Thursday 27 July 2017

Using a value file in a parameter set in Information Server DataStage

Question

How do I create and use a value file within a parameter set in DataStage?

Answer

Using a value file in a parameter set allows you to set values of a parameter dynamically. For Example:

  • Job A updates the value file. Job B uses a parameter set that points to that value file.
  • When moving jobs from development to test or production you can update the value file to reflect different values for the different environments without having to recompile the job.

To create a new Parameter Set, select File, New and select "Create new Parameter Set"

This will Launch a Dialog shown below:

Fill out the appropriate information on the General tab and the proceed to the Parameters Tab:




In this tab, enter in the Parameters you wish to include in this Parameter Set. Note that you can also add existing Environmental Variables.



The last tab, Values, allows you to specify a Value File name. This is the name of the file that will automatically be created on the Engine tier. This tab also allows you to view/edit values located in the value file.

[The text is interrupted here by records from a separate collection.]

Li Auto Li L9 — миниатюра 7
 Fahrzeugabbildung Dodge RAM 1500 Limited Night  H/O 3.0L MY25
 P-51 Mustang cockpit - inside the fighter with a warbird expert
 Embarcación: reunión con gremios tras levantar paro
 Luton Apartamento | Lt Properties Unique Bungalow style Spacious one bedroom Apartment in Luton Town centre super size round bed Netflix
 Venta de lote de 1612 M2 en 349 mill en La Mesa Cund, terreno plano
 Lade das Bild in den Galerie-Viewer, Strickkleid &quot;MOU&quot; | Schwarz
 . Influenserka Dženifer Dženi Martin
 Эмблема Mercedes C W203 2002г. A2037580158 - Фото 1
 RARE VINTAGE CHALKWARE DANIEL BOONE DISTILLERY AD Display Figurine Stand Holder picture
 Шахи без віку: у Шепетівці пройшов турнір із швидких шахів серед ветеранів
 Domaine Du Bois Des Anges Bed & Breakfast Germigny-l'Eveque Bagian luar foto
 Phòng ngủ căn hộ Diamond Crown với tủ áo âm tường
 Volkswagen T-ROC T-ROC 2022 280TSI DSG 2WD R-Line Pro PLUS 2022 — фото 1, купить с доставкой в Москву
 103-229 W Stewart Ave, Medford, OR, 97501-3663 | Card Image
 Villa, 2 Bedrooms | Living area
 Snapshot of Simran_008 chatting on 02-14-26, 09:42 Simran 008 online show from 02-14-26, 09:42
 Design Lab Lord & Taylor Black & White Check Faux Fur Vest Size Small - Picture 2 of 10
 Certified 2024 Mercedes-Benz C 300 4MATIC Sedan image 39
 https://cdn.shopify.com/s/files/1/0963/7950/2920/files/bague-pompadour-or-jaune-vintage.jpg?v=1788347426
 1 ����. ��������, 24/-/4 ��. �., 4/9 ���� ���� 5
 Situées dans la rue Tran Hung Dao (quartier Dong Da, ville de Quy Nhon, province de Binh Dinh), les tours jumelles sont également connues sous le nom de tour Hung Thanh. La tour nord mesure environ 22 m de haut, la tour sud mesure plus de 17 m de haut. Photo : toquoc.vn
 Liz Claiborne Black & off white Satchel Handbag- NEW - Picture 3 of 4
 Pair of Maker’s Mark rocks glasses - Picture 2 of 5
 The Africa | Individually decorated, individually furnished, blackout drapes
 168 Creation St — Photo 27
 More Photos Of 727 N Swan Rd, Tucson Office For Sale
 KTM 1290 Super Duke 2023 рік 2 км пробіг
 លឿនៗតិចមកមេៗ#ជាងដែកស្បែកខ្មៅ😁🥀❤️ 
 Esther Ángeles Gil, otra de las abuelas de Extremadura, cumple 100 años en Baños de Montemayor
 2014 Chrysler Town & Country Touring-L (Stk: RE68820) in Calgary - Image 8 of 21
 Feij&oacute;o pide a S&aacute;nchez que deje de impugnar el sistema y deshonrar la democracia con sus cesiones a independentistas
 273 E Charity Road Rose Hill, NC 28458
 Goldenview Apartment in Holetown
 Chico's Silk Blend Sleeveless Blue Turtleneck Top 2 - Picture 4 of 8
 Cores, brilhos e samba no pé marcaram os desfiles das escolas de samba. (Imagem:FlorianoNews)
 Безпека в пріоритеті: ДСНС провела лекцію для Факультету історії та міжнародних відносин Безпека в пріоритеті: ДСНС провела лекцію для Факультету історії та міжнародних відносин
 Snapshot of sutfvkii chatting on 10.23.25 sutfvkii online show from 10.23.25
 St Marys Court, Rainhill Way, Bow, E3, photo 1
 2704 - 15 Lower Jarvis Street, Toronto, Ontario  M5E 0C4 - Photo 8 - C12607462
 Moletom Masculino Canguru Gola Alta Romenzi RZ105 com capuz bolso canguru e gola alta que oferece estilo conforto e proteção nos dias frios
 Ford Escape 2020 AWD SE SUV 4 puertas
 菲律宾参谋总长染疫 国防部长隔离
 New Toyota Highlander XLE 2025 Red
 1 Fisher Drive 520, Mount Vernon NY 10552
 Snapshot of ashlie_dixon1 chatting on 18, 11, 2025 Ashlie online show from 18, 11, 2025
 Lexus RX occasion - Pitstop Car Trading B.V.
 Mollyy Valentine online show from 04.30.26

Click OK to save the Parameter set.

Once the Parameter Set is created, you can view or edit the Value file on the Engine tier. The value file can be found in the following location ../Projects/<project name>/ParameterSets/<Parameter Set Name>. For example:
$ pwd
/opt/IBM/InformationServer/Server/Projects/PROJECT_NAME/ParameterSets/Param_test
$ ls
Param_test_data
$ more Param_test_data
Database=SYSIBM
Table=SYSTABLES
$

Any changes made to the value file will be populated to the Parameter Set automatically.

​​

A DataStage job does not use the new value that is put in the Parameter set.

Problem(Abstract)

A DataStage job does not use the new value that is put in the Parameter set.

Cause

If you make any changes to a parameter set object, these changes will be reflected in job designs that use this object up until the time the job is compiled. The parameters that a job is compiled with are the ones that will be available when the job is run (although if you change the design after compilation the job will once again link to the current version of the parameter set).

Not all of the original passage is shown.